Pity the people with less than four seasons. Here in New York City on the northeast coast of the United States, Summer is just about over. A hot day here and there still reminds us of the oddball rainy Summer we have had, but the air at night tells a different story. It’s almost Fall, that brisk, blood-quickening time of year that assaults our senses and jolts us out of our warm weather lethargy. It’s buzz time, and suddenly you’re more alive, more aware, more curious. You notice the subtle changes in the sky, the trees, the flavor of the air you are breathing. You figure any week now the leaves are going to go all yellow, orange and gold overnight and blow all our minds a little bit. You start to get excited. About everything. Breakfast, noisy school buses, cars, women in scarves and turtlenecks, sunlight, books, playoff baseball, football, fire engines. People are moving a little quicker, a brisk spring in their step.
The geese in the parks are eating their faces off, fattening up for their long flight to their timeshares down south. They’ll let us know what kind of Winter we’re in for by their departure date. When the time comes, they circle around a couple of times getting into their vee-formations and honking up a storm, arguing goose aguments about who’s in charge of the whole operation. You wonder how they decide who gets to go in what formation, if they are cousins or in-laws or the like. There is no full moon quite like a full moon in Autumn, presumably what they call a harvest moon in places where they actually harvest stuff. Around here we hope that some geese formations will fly across the full moon honking their so-longs and see-ya’s until Spring. We wave at them, hoping they’ll bring us back a T-shirt or a coffee mug or something, even though they never seem to remember. You figure they probably forgot your address or don’t know your size anyway so the heck with it.

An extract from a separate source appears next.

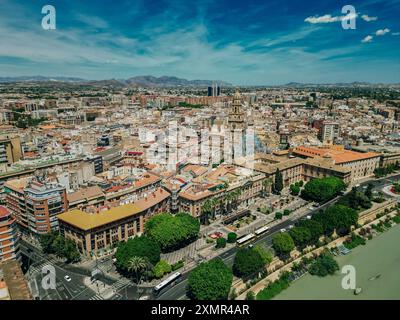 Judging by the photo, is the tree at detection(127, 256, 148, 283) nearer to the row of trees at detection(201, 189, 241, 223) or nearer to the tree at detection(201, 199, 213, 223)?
the tree at detection(201, 199, 213, 223)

When Autumn comes to New York, this citiest of cities, the incredible energy level ratchets up to its greatest heights, and the whole place is a hive of happening. The rock clubs rock harder, the subways are packed to the gills as they boogie down the tracks on their appointed rounds and the 8 million of us lucky enough to call this place home are wired for sights, sounds, smells, touches and tastes, eager for more of everything, aching to be and do! The sweaters and jackets are out, the women are shopping like beings possessed and the men are all raw nerve endings taking it all in. Everybody is doing their thing and living large.
You turn around and the trees are bare, the nights are cold and you can see your breath in hot puffs in the morning, tangible evidence of the mad life that percolates inside each and every one of us. You see the tourists checking all this out and you envy them a little bit because they are seeing it for the very first time, at first amazed and taken aback, then jumping right into the swing of things with both feet. You wonder what that’s like, New York from the outside looking in. Then you think about all the New Yorkers who came here from every place imaginable on the planet who all had that first time, that crazy day when they entered Wonderland. At some point each of them decided; I want this, this can be my place too, I can have some of this! No matter where they are from they became true New Yorkers at that moment and now cannot imagine living anywhere else. You’re thinking that for a whole lot of them that moment was on a brisk Fall day.
And so you pull out the leather and the suede, maybe buy a new hat and you cruise around your town, drinking it all in, planning your plans and feeling your joy. You see the rosy cheeks on the children, the wind blowing the ladies’ hair this way and that. Your head swims and your spirit soars. You feel a very real love for your city, your home and for all people everywhere, wishing they could feel what you are feeling at this sweet, sweet moment. Your heart is full. Of life, love, humility, wonder, ecstasy and vitality. Your mind is reeling at the endless possibilities of what it means to be a human being. All is good and clean and pure. Everything you see is wonderful, worthwhile and wholesome. If you drew your last breath in this sublime moment you would have no complaint. This is what Autumn in New York can do to a person. It’s the best time of year in the best place on the planet and you are a part of it. Miracles are real.